I’ve always been a rebel, as my husband reminded me the other night. I don’t like being told what to do, and I definitely don’t like being told how to feel. More than that, I hate being told what my experience will or should be like.
This is something I’ve noticed in the pregnant and mom communities.
“Oh, just you wait. You’ll never get a day off when you have a kid.”
“You want to try and fit a baby into your life rather than the other way around? Good luck with that!”
“You’ll give up on (insert parenting technique here – cloth diapering, breastfeeding, etc.) when you realize how tough it is to have a child.”
Basically, I’ve found from established mothers that my life is going to change in every way except the ways that I’m actually anticipating, and I’m going to be miserable throughout the entire process. BUT IT’S WORTH IT, of course. Because, baby. Obviously.
I don’t know if women who say these things mean well, or are trying to justify their own experience. The thing is, I hate the status quo. “That’s just the way it’s done!” is NEVER a good reason for me. I don’t believe in just accepting how something is supposed to go for no reason other than it’s what we expect (or are told to expect).
One of my favorite baby books so far is Bringing Up Bébé*, by Pamela Druckerman. If you aren’t familiar with this book, I would definitely recommend it, especially for people who struggle with the status quo of raising children. The parenting techniques that the French utilize are often so different than what we are used to here in America, and it means for a different expectation for children. According to the French – why yes, you can have your baby sleep through the night at twelve weeks. Toddlers don’t have to scream through entire meals at restaurants. And children can be taught at a young age, perhaps even from birth, what the rules are.

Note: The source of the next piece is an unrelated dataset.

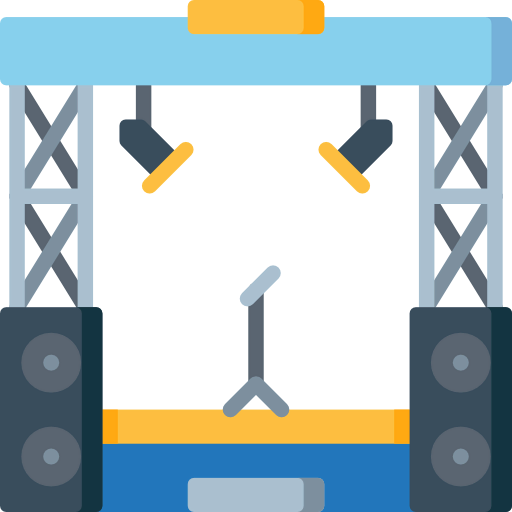 Stage icon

Ask an American mother, and not only are these things considered impossible – they are outrageous! Ridiculous! Absolutely unnecessary and potentially harmful for the development of your children!
I try not to resent the women that project their own experience onto everyone else, but I’m finding it increasingly difficult to own MY experience without having the statements of others cloud my vision.
These last few weeks of my pregnancy are hard. Like, really hard. I’ve somehow regressed back to the morning sickness of my first trimester, times a bajillion. I can’t walk up the stairs without needing to sit down (or take a nap). My back is constantly hurting, so much so that I can’t even really be on my computer for very long at one time.
I hate admitting these things to myself, and I definitely hate admitting that pregnancy is rough these days, because that’s what I’ve been told to expect. That, or I see the women that work up until the day they give birth, and I can’t help but question – what is wrong with me? These women admit that pregnancy is hard, but can still function like normal human beings.
Perhaps I just need to stay off social media. I don’t often find myself soliciting advice, but it really is offered in ways that I don’t think people realize. By injecting YOU into a statement which really only involves the commenter, I’m being told how to feel or what to expect. I LOVE hearing about other women’s experiences – it’s when those experiences are projected onto me, or pregnant women/mothers as a whole, that I have trouble with. And it’s really starting to affect the way that I view my own pregnancy.
Hopefully I will be able to separate these things eventually. It’s something I struggle with on a daily basis, especially since I’m so active on social media. But I also hope that people will understand how it affects others when they see their own experience as universal – as the “status quo.” And you know how much I hate the status quo.